### WORK INSTRUCTION
The required output is the line with "Especialista en Radiología" plus all lines that follow it to the end of the listing below, written out exactly, with no pictures.

### EXTRACTED ENTRIES

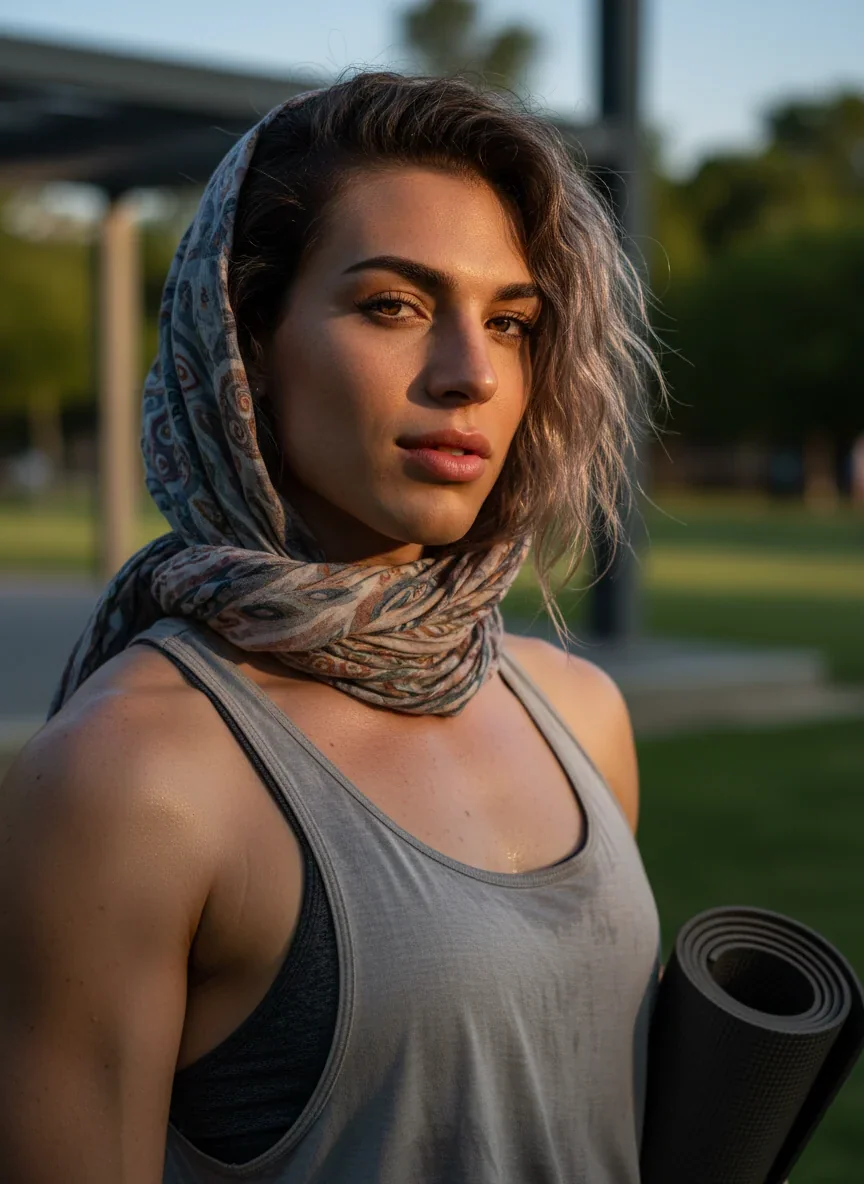Cinthia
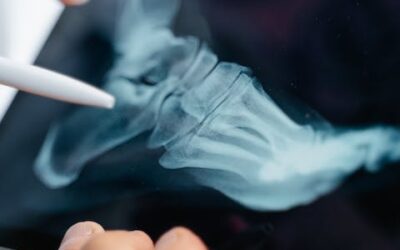Especialista en Radiología Pediátricaㅤㅤㅤㅤㅤㅤㅤㅤㅤㅤㅤㅤㅤㅤㅤ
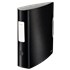 Archivador De Palanca De 180° Active Style De Leitz Negro Satinado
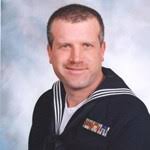 Terry Doggett Obituary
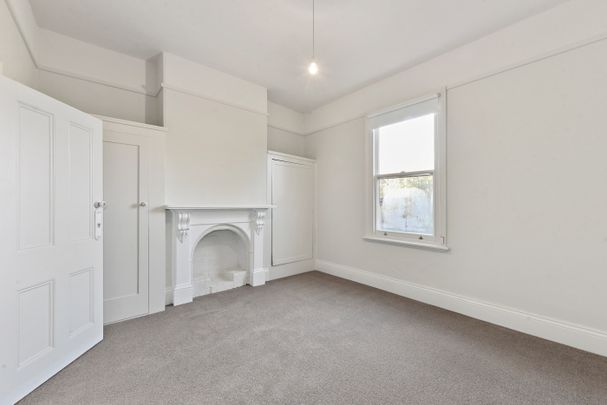 Classic Family Home - Photo 1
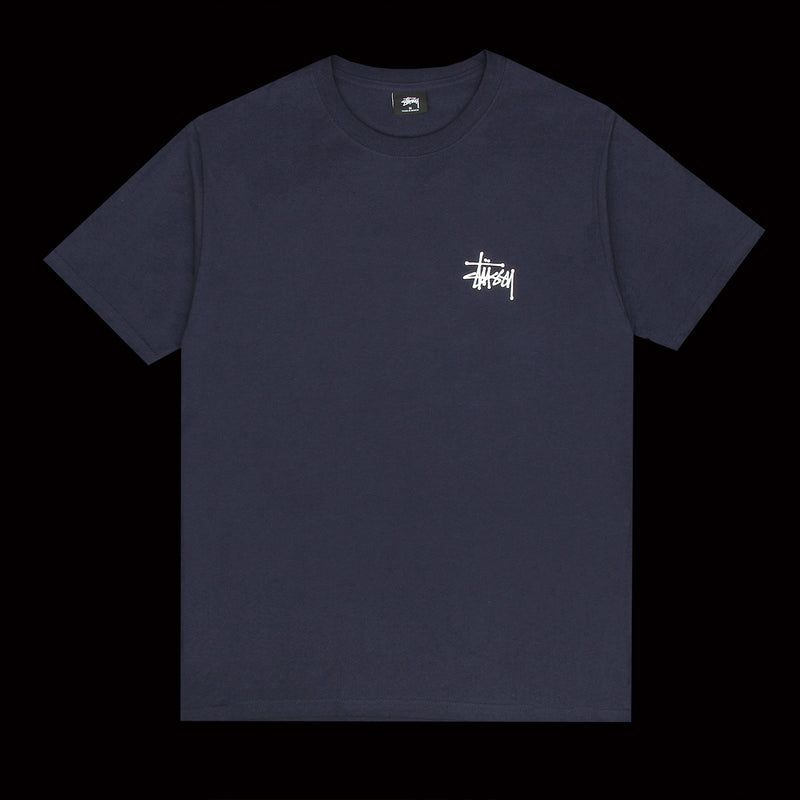 Basic Stussy T-Shirt
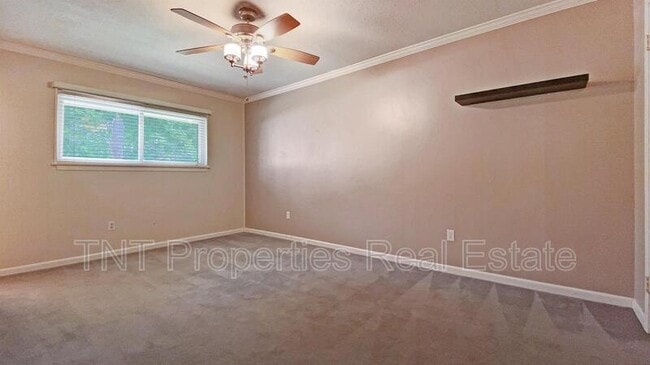 Photo - 1201 Neal Pickett Dr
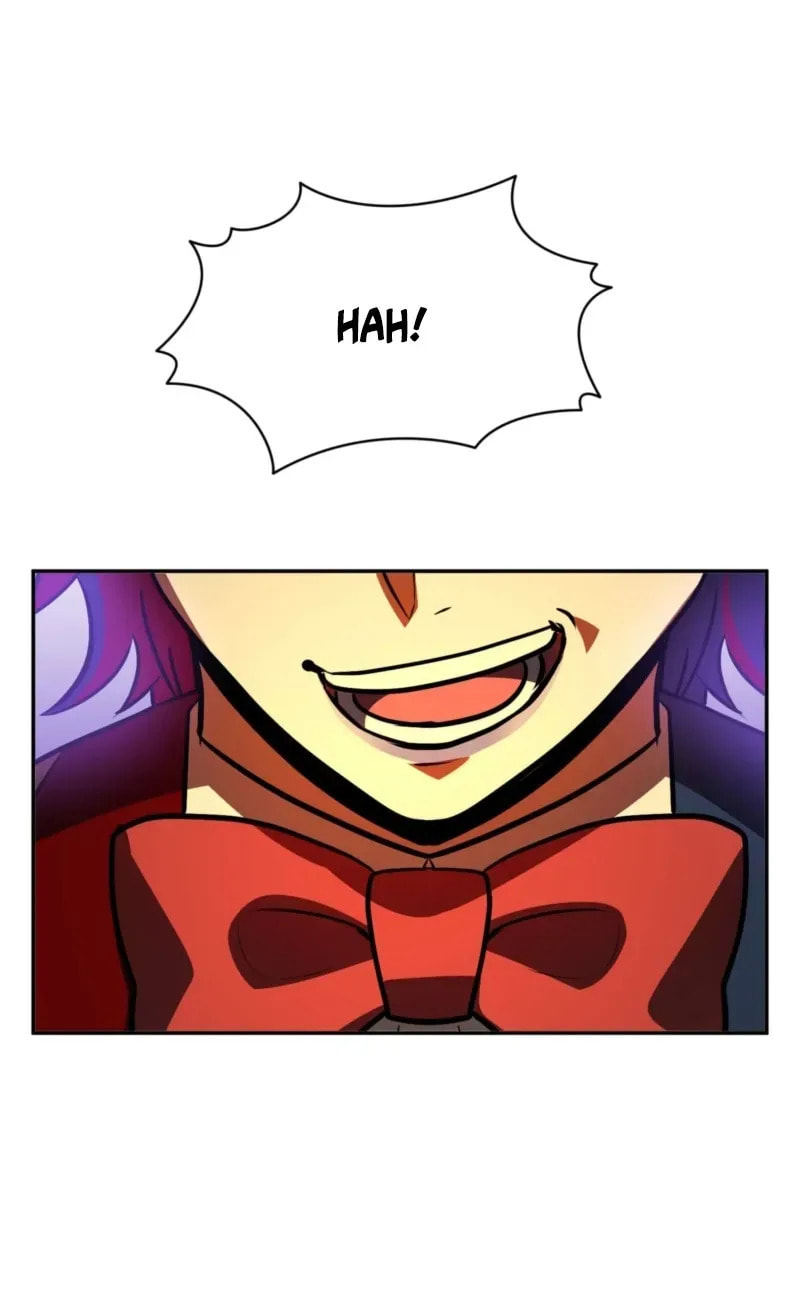 Read Hidden Class Gravity User chapter 151 image 24 on Lezhin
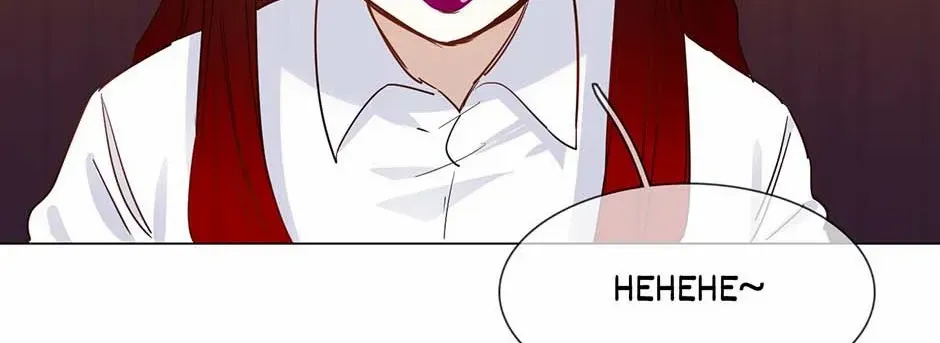 Read The Broken Star chapter 55 image 83 on Lezhin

### SOLUTION BELOW
Especialista en Radiología Pediátricaㅤㅤㅤㅤㅤㅤㅤㅤㅤㅤㅤㅤㅤㅤㅤ
 Archivador De Palanca De 180° Active Style De Leitz Negro Satinado
 Terry Doggett Obituary
 Classic Family Home - Photo 1
 Basic Stussy T-Shirt
 Photo - 1201 Neal Pickett Dr
 Read Hidden Class Gravity User chapter 151 image 24 on Lezhin
 Read The Broken Star chapter 55 image 83 on Lezhin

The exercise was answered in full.